Pureland Buddhism has a different starting point. Pureland moral logic starts with the recognition that self-mastery sets the self against the self and thereby undermines the very thing it is attempting to do. Pureland instead aims to undermine the calculation involved in trying to master oneself. It does this by directing us to be grateful for the support of others for whatever good we are able to do. Our meritorious actions are only possible because of countless others who conspire unknowingly to guide us, help us, and create the conditions in which our typically confused and ambiguous efforts to do good don’t backfire on us. Pureland’s faith in other-power and nembutsu (keeping Buddha in mind) lays a basis for a radically different approach to spiritual practice than what many meditators bring to it. Let us, therefore, consider the possibility, whether or not one is a Pureland Buddhist, that Pureland ideas can reorient and enrich how we understand morality, resting it on a foundation that does not set the self against itself and that starts not from how we imagine we’d like to be but from how we actually are.
At the core of morality is morale; a person in good morale is less likely to act in an unprincipled manner. Morale is essentially a matter of faith, which is the mainspring of motivation. People do things that contribute to what they have faith in, be it a goal, an ideal, certain values, an institution, or some other base.
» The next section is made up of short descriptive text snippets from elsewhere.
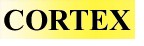cortex_title.jpg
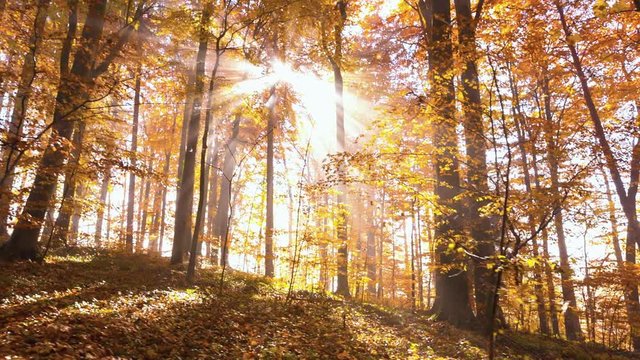 Autumn Trees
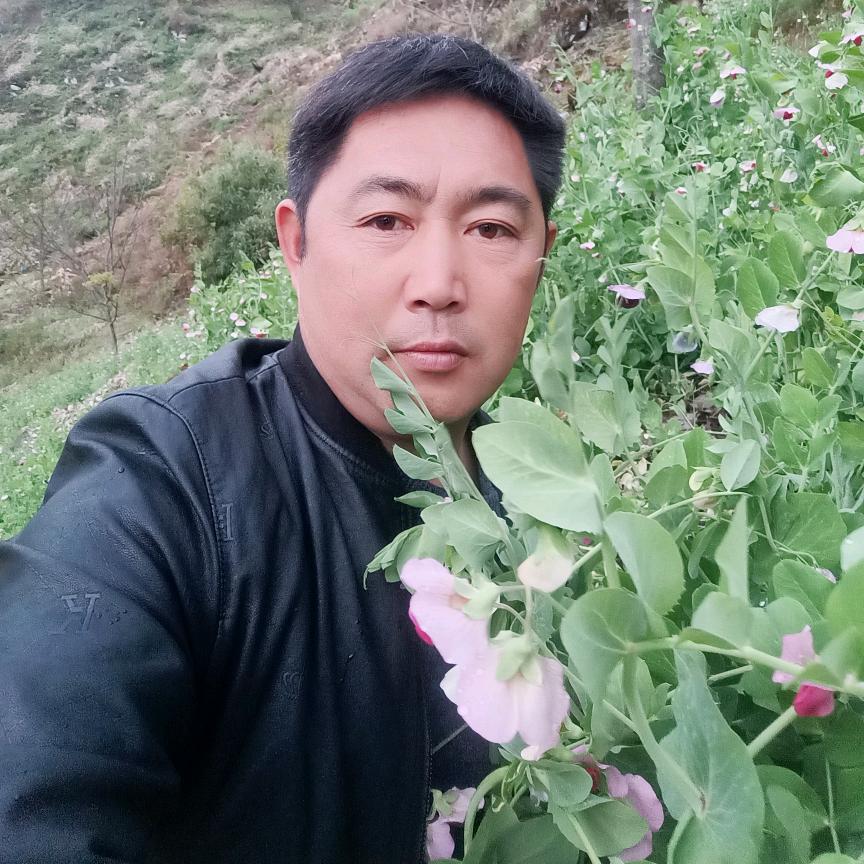 许我一笔墨🌹🌹绘你倾城颜!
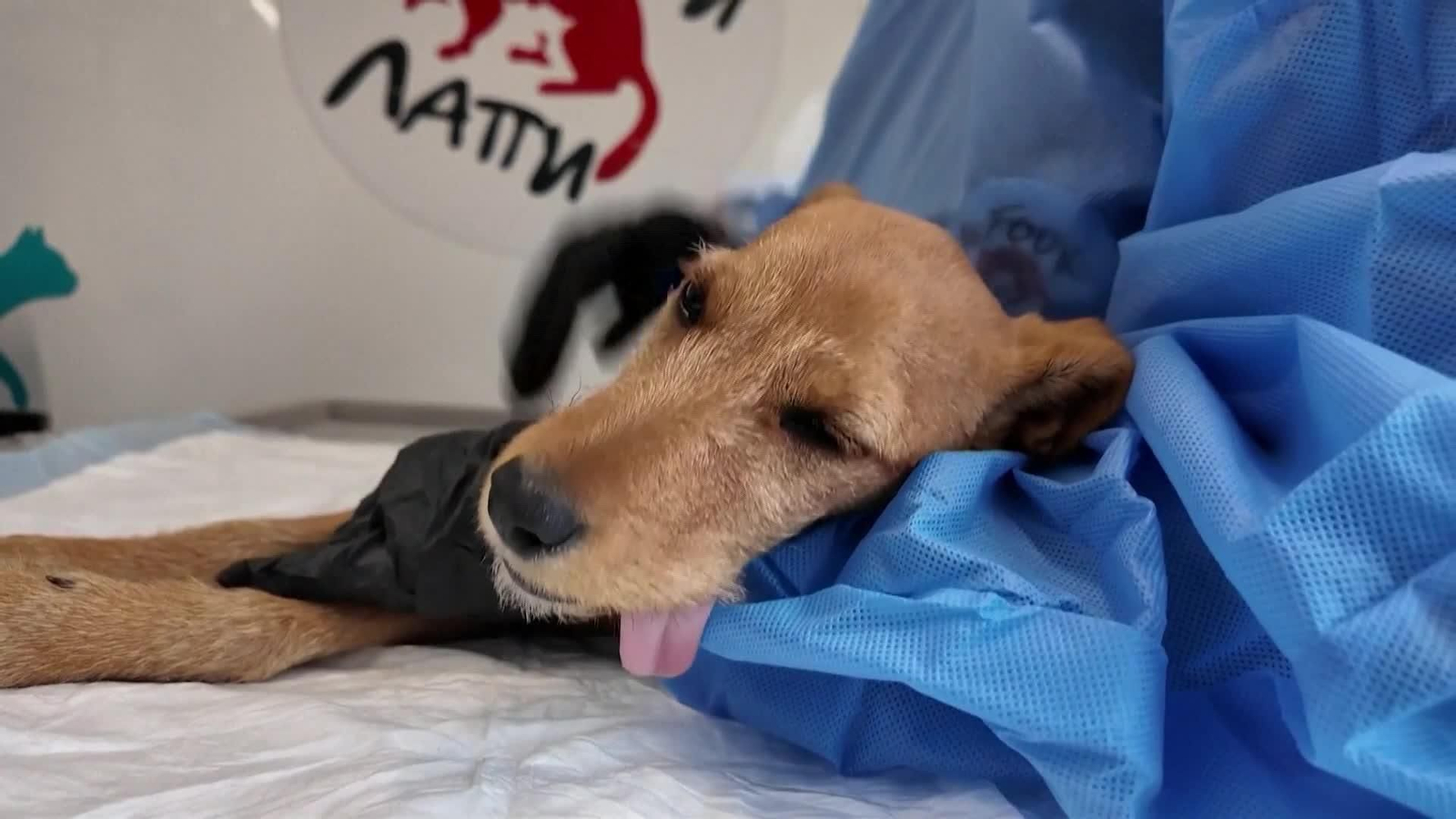 va kosovo campaña esterilizacion perros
Obviously, faith is not always positive. No doubt the Gestapo had faith in the supremacy of the Aryan race, for instance. Or as Dale Carnegie points out in the original self-help book How to Make Friends and Influence People, even Al Capone regarded himself as a good man who was simply implementing the values he believed in. This is all in line with basic Buddhist thinking that wickedness is mainly a matter of error. Acts that are akushala (mentally unskillful or unwholesome) rather than kushala (wholesome or skillful), to use the Indian terminology, are basically mistakes flowing from wrong belief rather than sins or disobedience to an overruling deity.
The Pali Buddhist texts contain repeated descriptions of sila, samadhi, and prajna. The moral guidelines (shila) precede descriptions of meditation (samadhi) that in turn precede descriptions of wisdom (prajna). It is common, therefore, to understand that morality is a foundation for meditation and that meditation is a foundation for wisdom. It is, however, also possible to read the causal relationship in the reverse direction, seeing morality as the surface level, dependent upon a rightly ordered mind, which in turn depends upon wisdom.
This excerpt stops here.